Assigned task:
A word-for-word retyping of the listing below is required, with the pictures dropped.

Collected data:
--- START ---
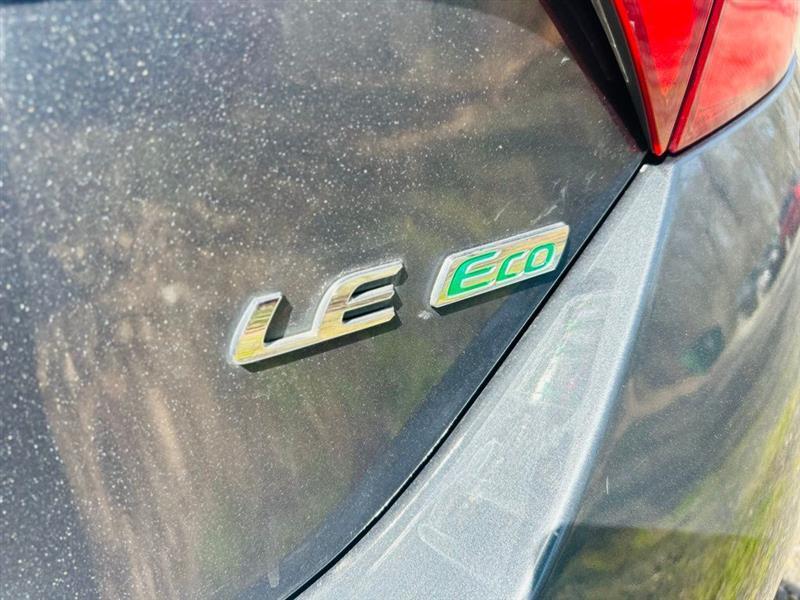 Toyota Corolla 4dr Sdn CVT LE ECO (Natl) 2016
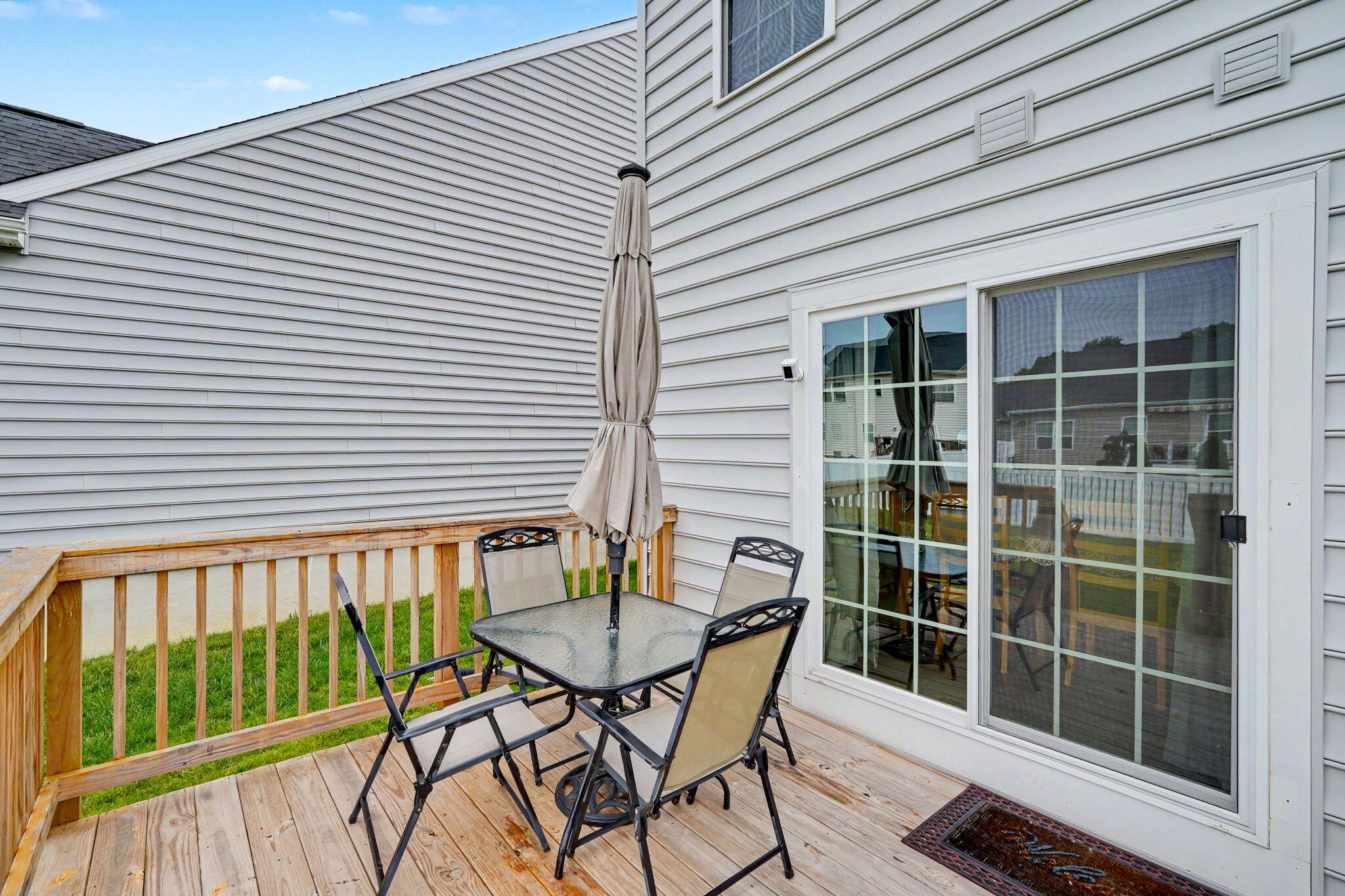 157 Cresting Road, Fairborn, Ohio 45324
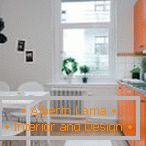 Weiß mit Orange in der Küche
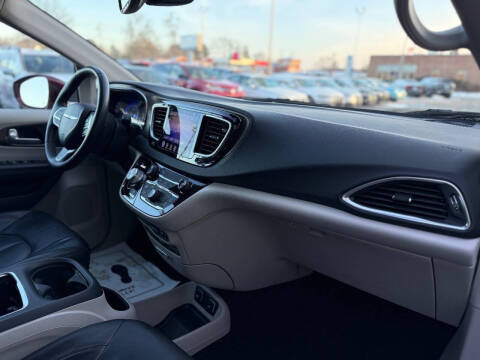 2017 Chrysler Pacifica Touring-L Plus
--- END ---
Your solution:
 Toyota Corolla 4dr Sdn CVT LE ECO (Natl) 2016
 157 Cresting Road, Fairborn, Ohio 45324
 Weiß mit Orange in der Küche
 2017 Chrysler Pacifica Touring-L Plus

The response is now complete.